Mike Doogan is a newspaper columnist and an Alaskan state legislator. He writes in complete sentences and spells all his words correctly (or at least his editors insist that he does). He tells this Nik Kane story in a complicated way.

Nik Kane, nearly washed-up old detective is coming in and out of consciousness during the first half of the book. He was badly wounded and in his pain-killer facilitated dreams, he sometimes recalls his childhood and other times a vexing 20-year-old murder he never solved. It's an intriguing plot device, and over time, I felt like I got to know Kane a little bit. Not much, mind you, but a little. But I never cared about him. If he'd died on page 50, I wouldn't have missed him and the story could have continued somehow. But he didn't die.

His childhood traumas matter a great deal to the 60-year-old Kane, but I never got to the point of empathizing with his pain and longing. His ruminations on the old homicide never really got me interested.

Then, on page 234 of a 300-page book, I read what Doogan's story should have been about. Describing Kane's family, Doogan writes, "A nun, a volcano about to erupt, a gay guy, a beauty queen, and a lifestyle-a-minute drifter, Kane thought.
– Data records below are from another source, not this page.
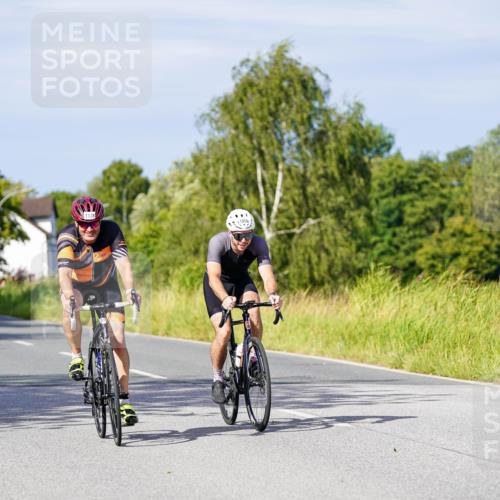 31.08.2025 - Elbe Triathlon Hamburg Michael Burmester http://msf.ph/oto/8678940 31.08.2025 10:36:53 Radfahren 892, 953, 963, 983, 998, 1056, 1067, 1178 meine-sportfotos.de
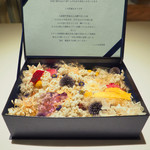 レストランエール - ランチコース 5346円 のお出迎えの花束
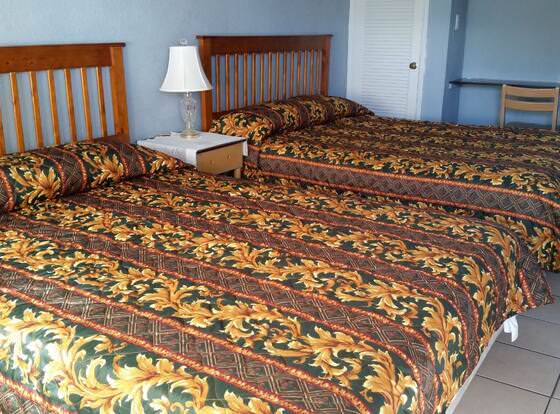 Laura Lodge allows check-in for 18 year-old guests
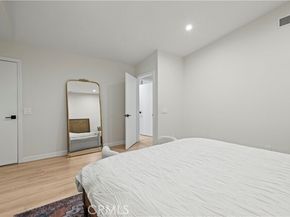 8601 Sunland 37, Sun Valley (los Angeles) CA 91352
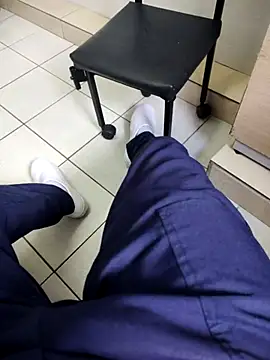 gatmoreno1 online show from November 10, 2025, 4:23 pm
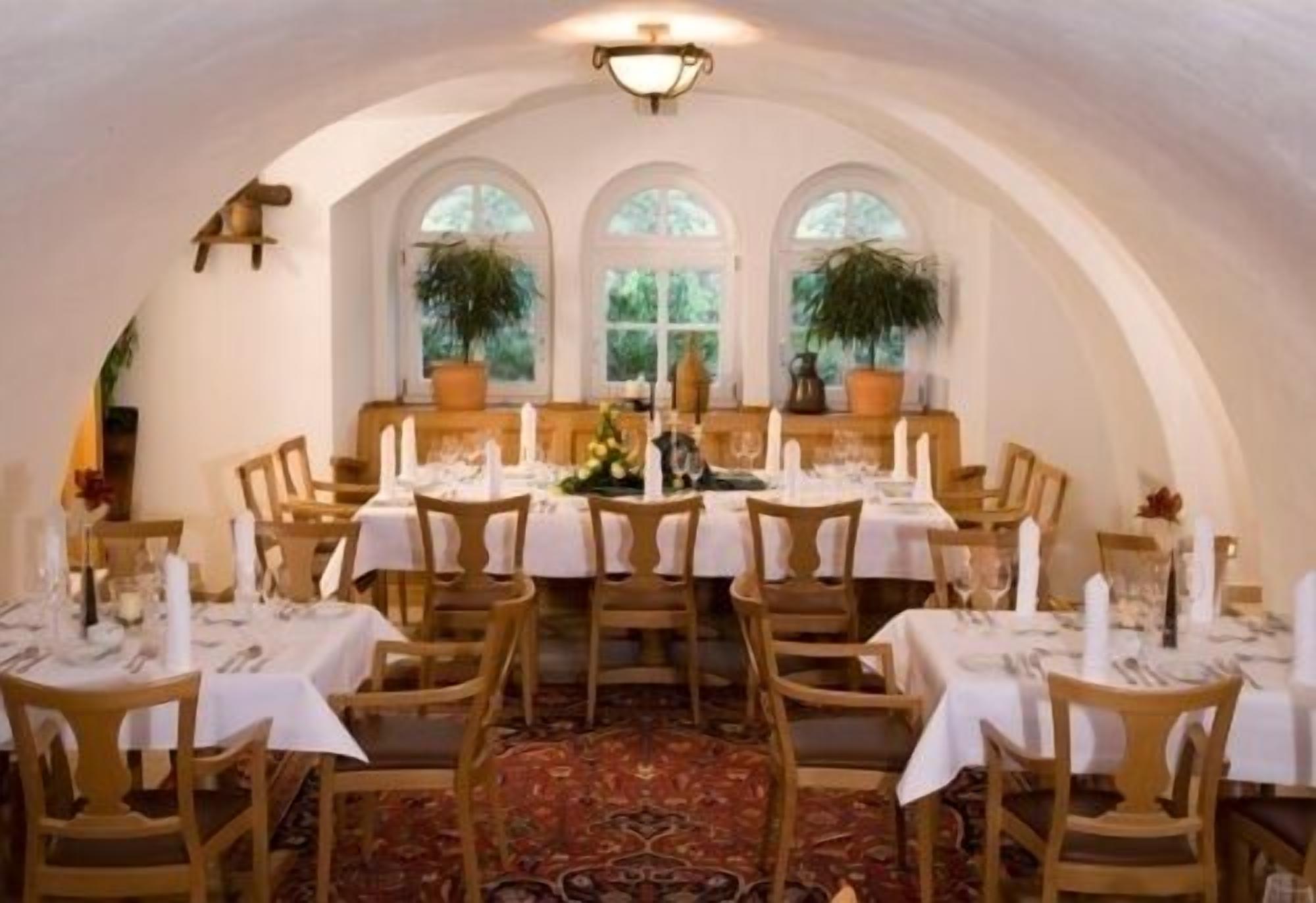 breakfast and dinner served, international cuisine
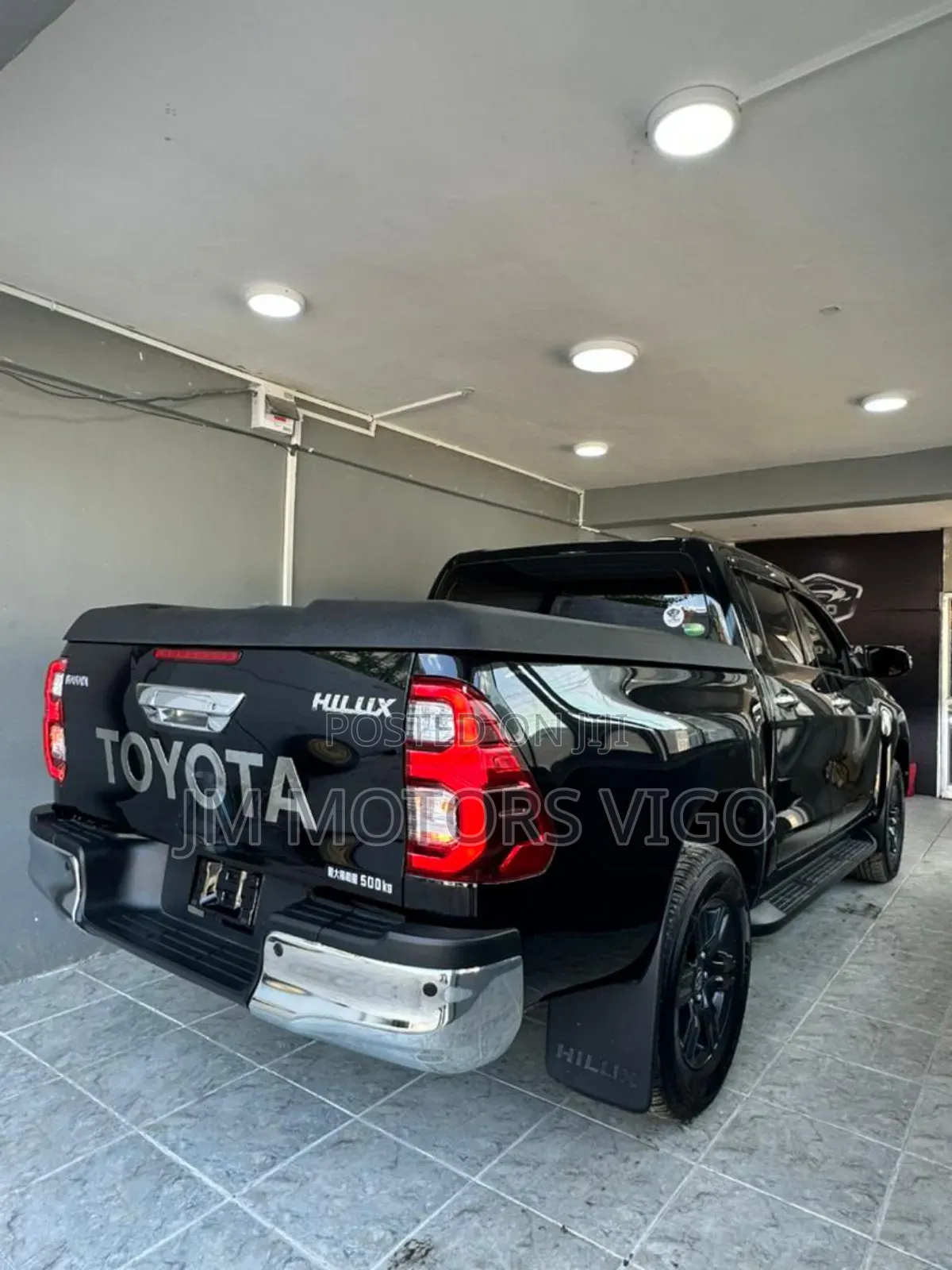 Toyota Hilux 2021 Black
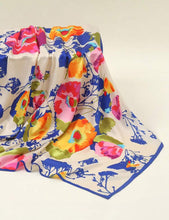 Cargar imagen en el visor de la galería, Pashmina azul floral
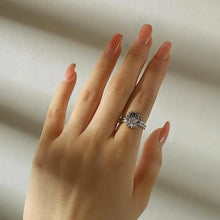 Load image into Gallery viewer, 2pc/set Summer Couple Ring Set Sky Blue Sparkling Moon and Sun Ring 2023 New Women's Stackable Finger Set Engagement Jewelry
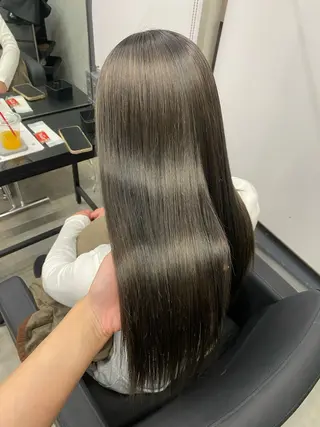 カラー 𝗮𝘆𝘂𝗺𝗶 ハイトーン🎀のヘアスタイル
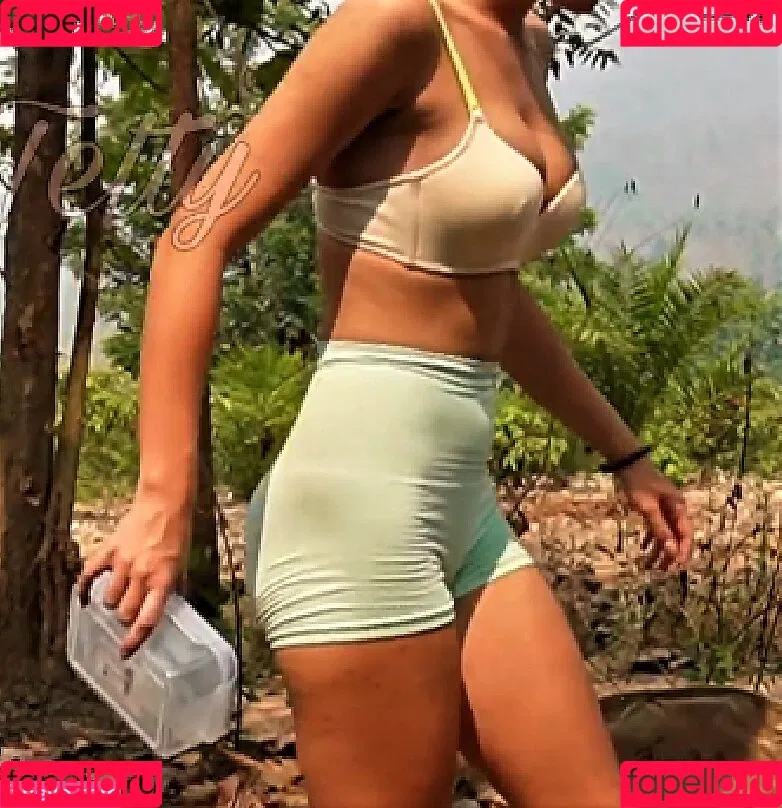 Tetty ASMR Onlyfans Photo Gallery 
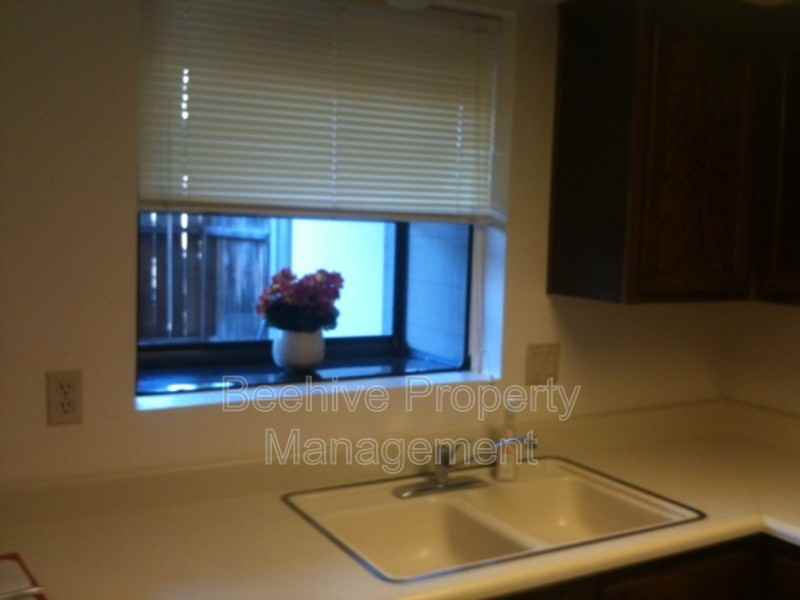 6604 W Jamaica Dr - Photo 3 of 4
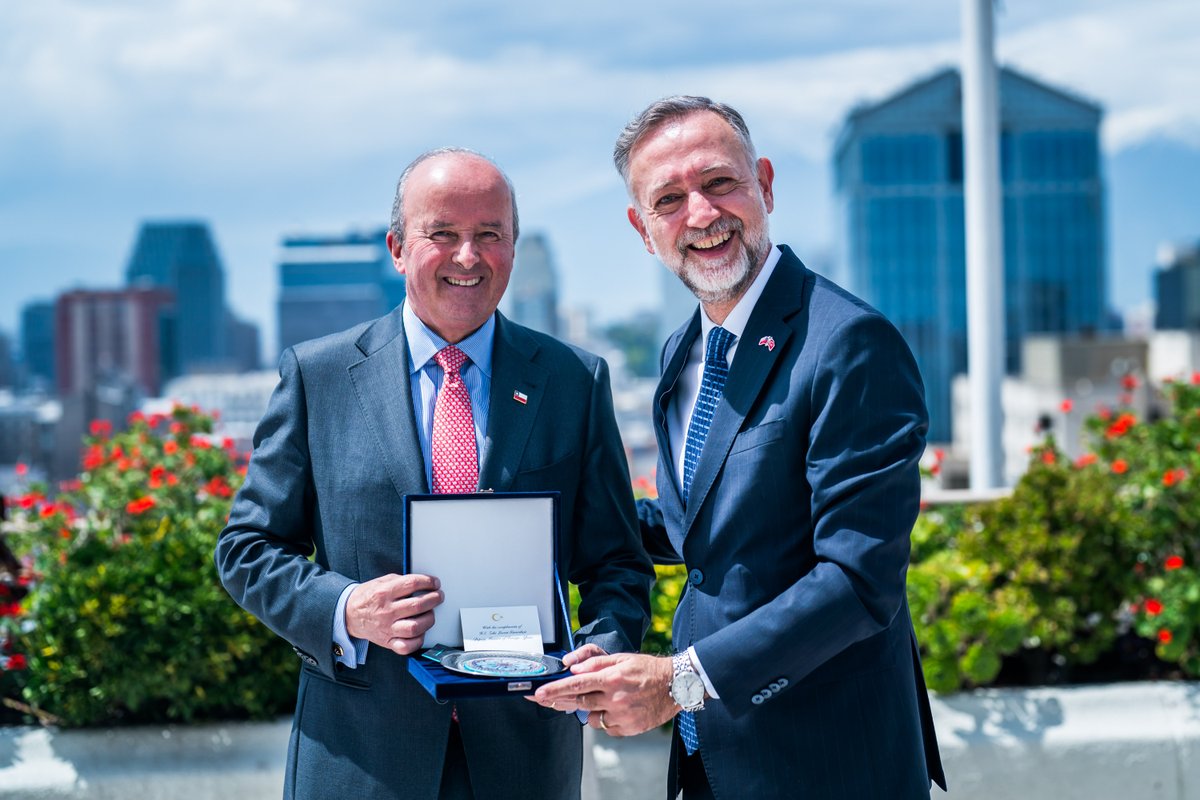 Minrel_Chile's tweet photo. El canciller (s) Patricio Torres se reunió con el viceministro de RREE de Türkiye, Zeki Levent Gümrükçü, quien se encuentra de visita en Chile en el marco de la conmemoración del centenario de las relaciones diplomáticas entre ambos países, que se celebra este año. 🇨🇱🇹🇷 https://t.co/8t0QY5H8SD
Does that make me the normal one? God help us all."

This should have been a book about the Kane family. Add Kane, the cop who spent 7 years in prison, his sister who died of breast cancer, and a brother who disappeared into the maw of Vietnam to the crew described above. I almost drool thinking of the stories surrounding those 8 people. Why did Doogan choose to write about Nik Kane? Why not write about the nun? Or the volcano of a brother who, "looked like hell; overweight, unshaven, and in need of a haircut. He was the one who had the most conventional life; a wife, five kids, a big house in the Seattle suburbs, an important job, a deacon in the church... There was something in there fighting to get out and it didn't look like it would be pretty when it emerged."? Or Barry, who was a hotel manager in Bangkok, who "lived with somebody named Kongsangchai who everyone was careful not to ask about."? etc. etc.

Harriet Klausner liked it better than I did. If you read it, let us know what you think. Maybe I just wasn't in the mood.